DEAR ABBY: I have been dating a great guy, "Curtis," for about a year, and I'm happy with everything about our relationship except for one thing. Curtis lives out of town. I live in the same town as his parents. He stays with me many weekends, and when he visits his parents and they ask where he is staying, he lies to them.
I understand that his folks are religious and that they wouldn't approve of his staying over, but Curtis is 25 years old. At this point, shouldn't he be able to choose what he wants to do?
My parents are also traditional in their beliefs, but I have made it clear to Curtis that I was raised to tell the truth, even if it means disappointing someone. His mom and dad have met me. They know this is an enduring relationship. I want him to feel comfortable telling them where he's staying on weekends.
Should I stop worrying about this, or should Curtis be telling his parents the truth?

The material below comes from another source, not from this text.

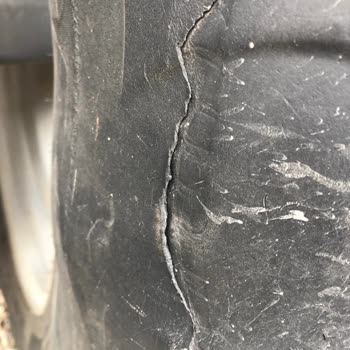 Michelin Marka Traktör Lastiği Yanlardan Açıldı Daha 1 Yıl Olmuşken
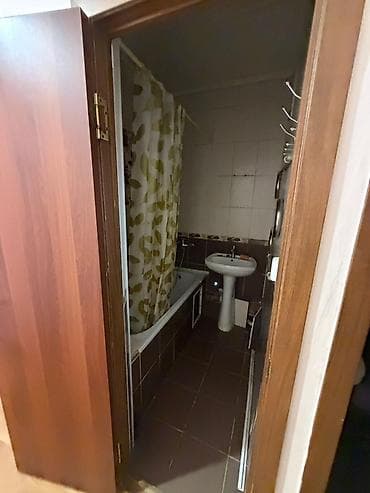 Квартиры: 3 комнаты, 72 м², Индивидуалка, 5 этаж, Старый ремонт — 8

I know he loves me, but I feel like his guilty secret. -- CANADIAN READER
DEAR CANADIAN READER: While I agree that by age 25 Curtis should be man enough to level with his parents about whose pillow he's hitting on weekends, I don't think this is anything to obsess about. His folks may be religious, but they're probably not naive -- and this may be a "game" they have played for years.
Because they have met you and know you have an ongoing relationship, you are not Curtis' guilty secret. The fact that he is sexually active is Curtis' guilty secret, and I don't think you should push him to reveal it until he feels ready.